Energy since privatisation
Whilst British Gas was privatised in 1986 in the UK, the electricity sector has been privatised in England and Wales from 1948 to the late 1990’s. This is when the supply industry was radically restructured under Margaret Thatcher’s government, where she promised that this would increase efficiency, widen share ownership and generate investment. Instead, it has resulted in a highly politicised and expensive energy market.
Was it worth it?
For the first few years following the change, real prices, profits and costs in the industry rose. Studies that have examined the UK energy market have concluded that electricity prices are 10-20% higher than they would have been without privatisation.
Similarly, Corporate Watch research suggests that each UK household could save £158 a year if energy was publicly owned. Nonetheless, Nigel Hawkins, writer of the Adam Smith Institute report, regarding the sale of electricity, gas and water said that “it is clear that while utility privatisation is not a perfect solution, it is infinitely better than stultifying public sector ownership”.
Public/ private ownership?
A campaign group for public ownership, We Own It, has released a report which provides examples of other countries examples, displaying how private may not always be best.
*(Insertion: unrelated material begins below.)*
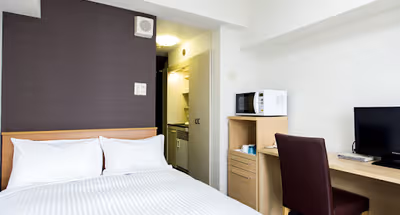 Simplistic living area in Shirogane Platinium Street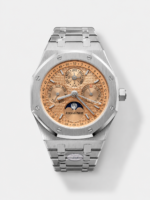 Audemars Piguet Royal Oak Perpetual Calendar Swiss Replica 904L Steel – Champange Dial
For example, in Denmark, democratic local co-operatives own the majority of distribution grids, alike in Hamburg, Germany, where the people voted to buy back the city’s grid. This suggests that the incentives behind public ownership of energy often paves the way towards green energy.
Liberalisation, however means that measures have consistently helped to create competition. This, in turn has provided substantial benefits, some including: growth of competition in supply and generation, substantial improvements in efficiency to all consumers plus increased market transparency. Competition has also led to innovation in technology, risk management products, and reductions in real terms to the price of energy for the consumer.
At the outset of the reforms, industrial consumers were the only group of consumers who had the right to choose who supplied their energy. Although, the market has slowly been opening up since the late 90’s so that even residential customers now have the freedom to easily switch between suppliers to find the best deals.